Anderson was five feet seven, with dark hair and fair skin, and in the adult photos one glimpses the dark eyes of a frightened rabbit. In 1896 he took off for Chicago, briefly enlisted in the Sixteenth Infantry Regiment of the Ohio National Guard during the Spanish–American War, and subsequently flourished as a copywriter. All this was the loam from which his work germinated. He changed careers; rose to become president of his own manufacturing company in Elyria on the fork of the Black River; took up golf and became a noted figure in the community, raising three children with his first wife. But Anderson was not a domestic animal, and on 27 November 1912 he experienced a catastrophic breakdown, or at least a psychotic episode: he walked out of his office one morning and vanished for four days, reappearing wearing a muddy suit in a pharmacy miles away saying he didn’t know who he was. Increasingly distracted after this trauma, he began to write himself out of his hole. That, after all, is what writers do. He was a dreamer, and one senses that he never really felt at home in the world beyond his own mind.
Anderson began to mix in bohemian circles, and in a room in a cheap boarding house on Chicago’s North Side started writing the tales that became Winesburg, Ohio. In the act of writing, he said, ‘all staleness in life floats away’, and elsewhere he remembered, ‘It was as though I had nothing to do with the writing.’ He had entered that trancelike state V. S. Pritchett (another master) termed ‘the determined stupor’ out of which great books are born.

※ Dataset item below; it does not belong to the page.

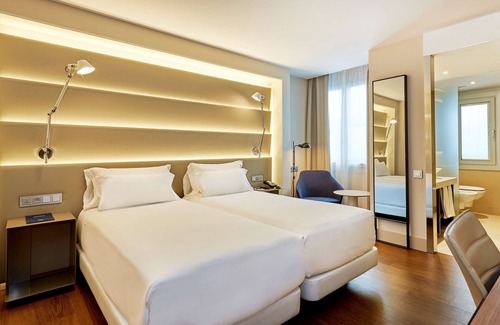 Les Corts Hotel | NH Sants Barcelona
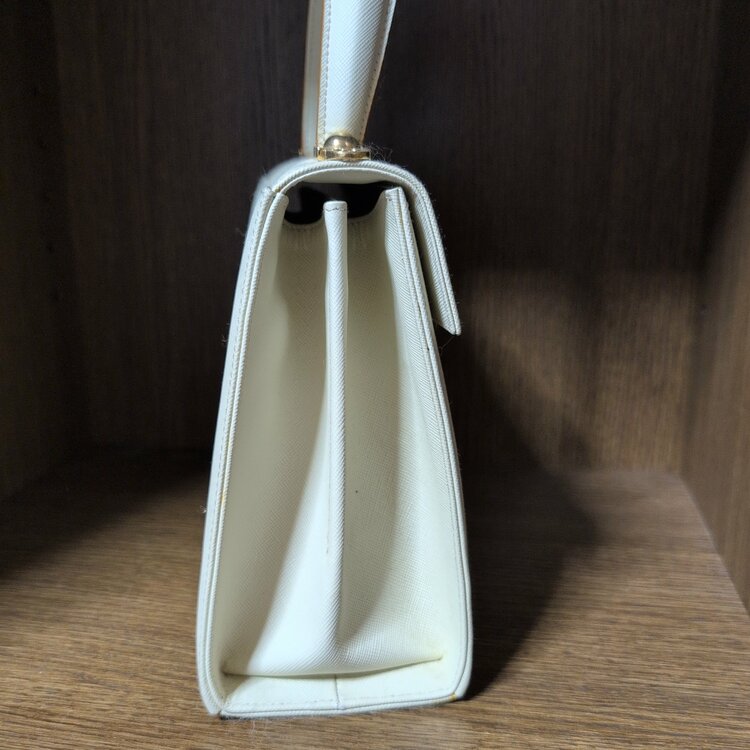 Ferragamo　ハンドバッグ（ブランドバッグ）の商品画像 - 査定依頼日：2026年2月11日 - 最高査定価格：13,000円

Most of the tales were published in magazines in 1915 and 1916, and all appeared between hardcovers as Winesburg, Ohio in 1919. Anderson was forty-three. Critical response was initially largely negative, not least because readers were not accustomed to depictions of blighted lives, especially not blighted sexual lives. After reading the book, an associate’s wife who had recently sat next to Anderson at dinner wrote him a letter announcing, ‘I do not believe that, having been that close to you, I shall ever again feel clean.’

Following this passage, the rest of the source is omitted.